▶ ABOUT THIS TASK
In the entries below, find every line with "Imagen" and copy it.

▶ PROVIDED RECORDS

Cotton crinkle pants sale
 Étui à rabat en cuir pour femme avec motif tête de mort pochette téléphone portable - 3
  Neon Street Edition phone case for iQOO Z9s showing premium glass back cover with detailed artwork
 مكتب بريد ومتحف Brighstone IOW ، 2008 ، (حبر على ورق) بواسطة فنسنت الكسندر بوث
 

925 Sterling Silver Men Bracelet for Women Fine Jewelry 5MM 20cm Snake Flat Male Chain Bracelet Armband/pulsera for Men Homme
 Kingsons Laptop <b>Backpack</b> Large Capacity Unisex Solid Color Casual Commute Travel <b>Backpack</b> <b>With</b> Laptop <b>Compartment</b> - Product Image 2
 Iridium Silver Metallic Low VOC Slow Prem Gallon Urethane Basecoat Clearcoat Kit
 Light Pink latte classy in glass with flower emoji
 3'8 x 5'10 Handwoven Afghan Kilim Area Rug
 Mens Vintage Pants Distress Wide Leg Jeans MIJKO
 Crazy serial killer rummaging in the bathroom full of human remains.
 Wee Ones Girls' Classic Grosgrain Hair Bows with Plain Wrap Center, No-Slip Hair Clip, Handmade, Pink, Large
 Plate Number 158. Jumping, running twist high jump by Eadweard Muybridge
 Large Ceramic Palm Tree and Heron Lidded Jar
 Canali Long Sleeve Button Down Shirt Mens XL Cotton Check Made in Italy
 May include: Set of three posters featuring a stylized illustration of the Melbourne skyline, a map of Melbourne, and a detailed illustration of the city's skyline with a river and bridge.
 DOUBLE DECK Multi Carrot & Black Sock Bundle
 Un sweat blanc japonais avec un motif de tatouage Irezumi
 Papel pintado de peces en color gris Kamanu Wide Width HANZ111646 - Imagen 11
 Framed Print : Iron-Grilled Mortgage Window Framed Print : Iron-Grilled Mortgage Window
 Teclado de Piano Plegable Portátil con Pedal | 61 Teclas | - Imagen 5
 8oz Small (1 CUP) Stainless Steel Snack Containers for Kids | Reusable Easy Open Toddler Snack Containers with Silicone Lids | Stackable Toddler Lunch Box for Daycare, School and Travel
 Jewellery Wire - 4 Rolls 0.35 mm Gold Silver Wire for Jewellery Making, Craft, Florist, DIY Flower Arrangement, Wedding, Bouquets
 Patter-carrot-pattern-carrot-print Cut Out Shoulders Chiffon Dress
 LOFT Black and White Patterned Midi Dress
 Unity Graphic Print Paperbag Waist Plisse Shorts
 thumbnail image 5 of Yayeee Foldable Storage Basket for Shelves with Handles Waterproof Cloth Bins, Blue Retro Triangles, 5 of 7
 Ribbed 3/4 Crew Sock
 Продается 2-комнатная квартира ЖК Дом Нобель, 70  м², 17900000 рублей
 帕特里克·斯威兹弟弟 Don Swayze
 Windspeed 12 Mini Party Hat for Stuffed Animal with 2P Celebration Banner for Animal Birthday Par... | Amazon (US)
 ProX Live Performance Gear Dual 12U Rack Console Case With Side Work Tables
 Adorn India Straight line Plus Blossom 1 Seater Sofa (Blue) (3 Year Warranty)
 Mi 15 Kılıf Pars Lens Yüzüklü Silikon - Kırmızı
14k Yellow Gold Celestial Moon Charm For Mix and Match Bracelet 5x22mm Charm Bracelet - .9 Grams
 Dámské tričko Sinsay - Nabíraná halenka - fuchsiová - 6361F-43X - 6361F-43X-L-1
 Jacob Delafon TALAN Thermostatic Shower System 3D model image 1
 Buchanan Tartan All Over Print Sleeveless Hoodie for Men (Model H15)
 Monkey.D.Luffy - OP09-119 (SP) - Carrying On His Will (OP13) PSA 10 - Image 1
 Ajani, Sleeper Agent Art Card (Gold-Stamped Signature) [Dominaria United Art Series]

▶ YOUR SOLUTION
 Papel pintado de peces en color gris Kamanu Wide Width HANZ111646 - Imagen 11
 Teclado de Piano Plegable Portátil con Pedal | 61 Teclas | - Imagen 5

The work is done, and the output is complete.